* **Source material**
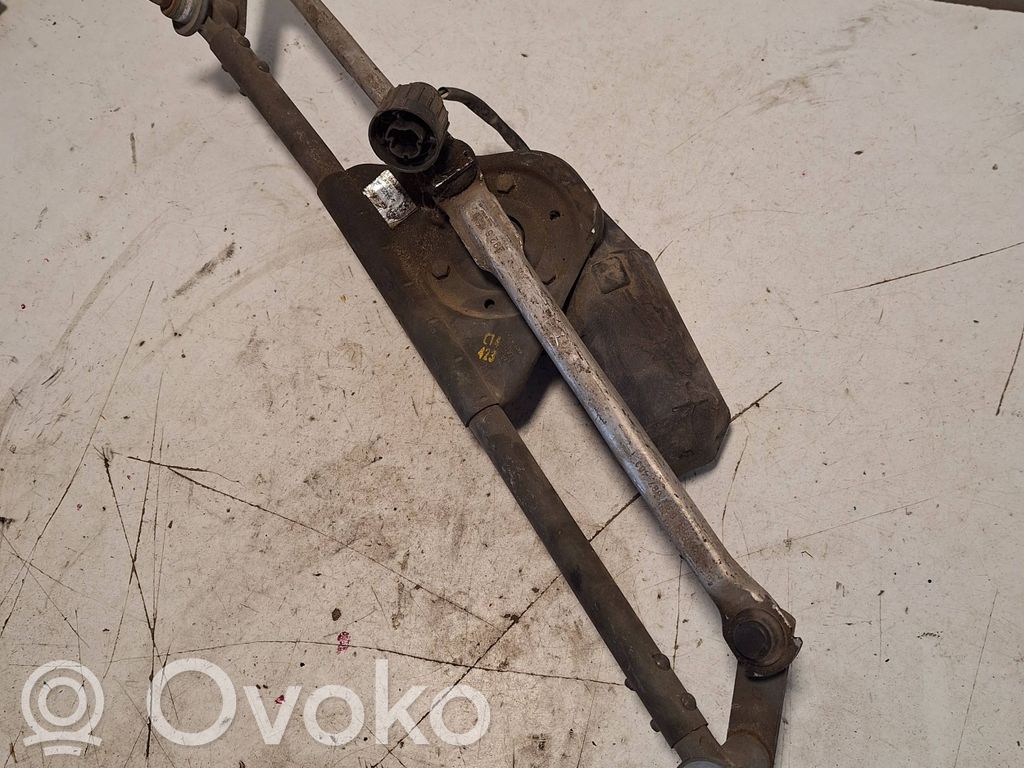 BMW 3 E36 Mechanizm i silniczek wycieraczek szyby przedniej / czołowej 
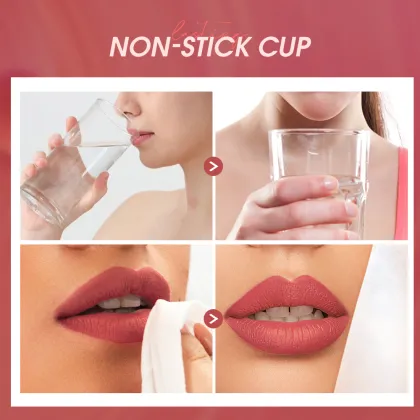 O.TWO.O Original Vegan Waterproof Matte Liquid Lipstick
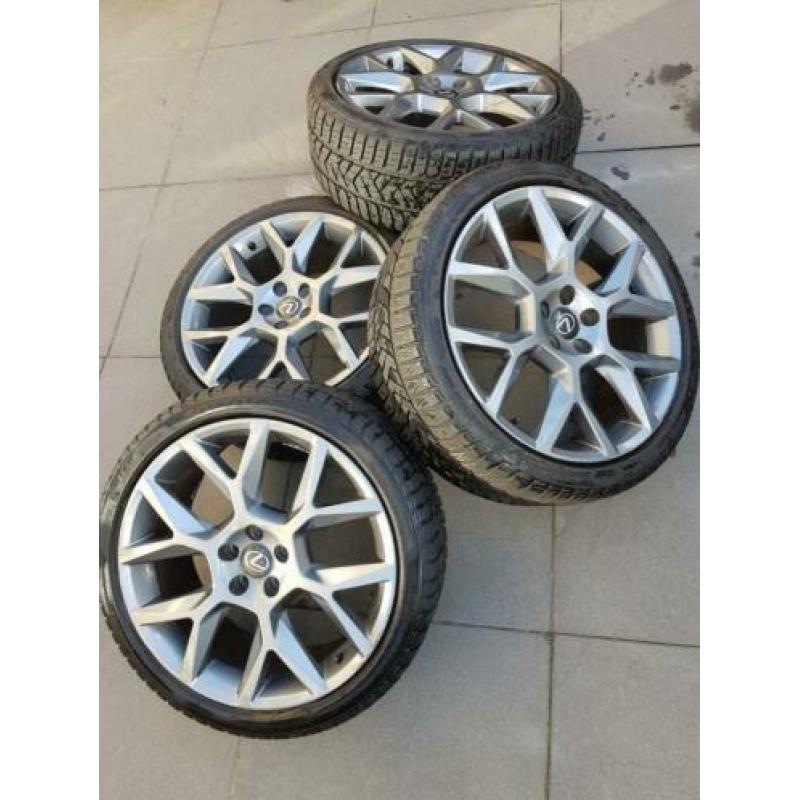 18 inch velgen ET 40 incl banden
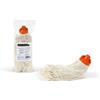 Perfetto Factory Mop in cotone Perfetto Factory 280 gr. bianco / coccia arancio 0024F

* **Problem details**
Exclude the images, then output the data above word for word.

* **Exercise output**
 BMW 3 E36 Mechanizm i silniczek wycieraczek szyby przedniej / czołowej 
 O.TWO.O Original Vegan Waterproof Matte Liquid Lipstick
 18 inch velgen ET 40 incl banden
 Perfetto Factory Mop in cotone Perfetto Factory 280 gr. bianco / coccia arancio 0024F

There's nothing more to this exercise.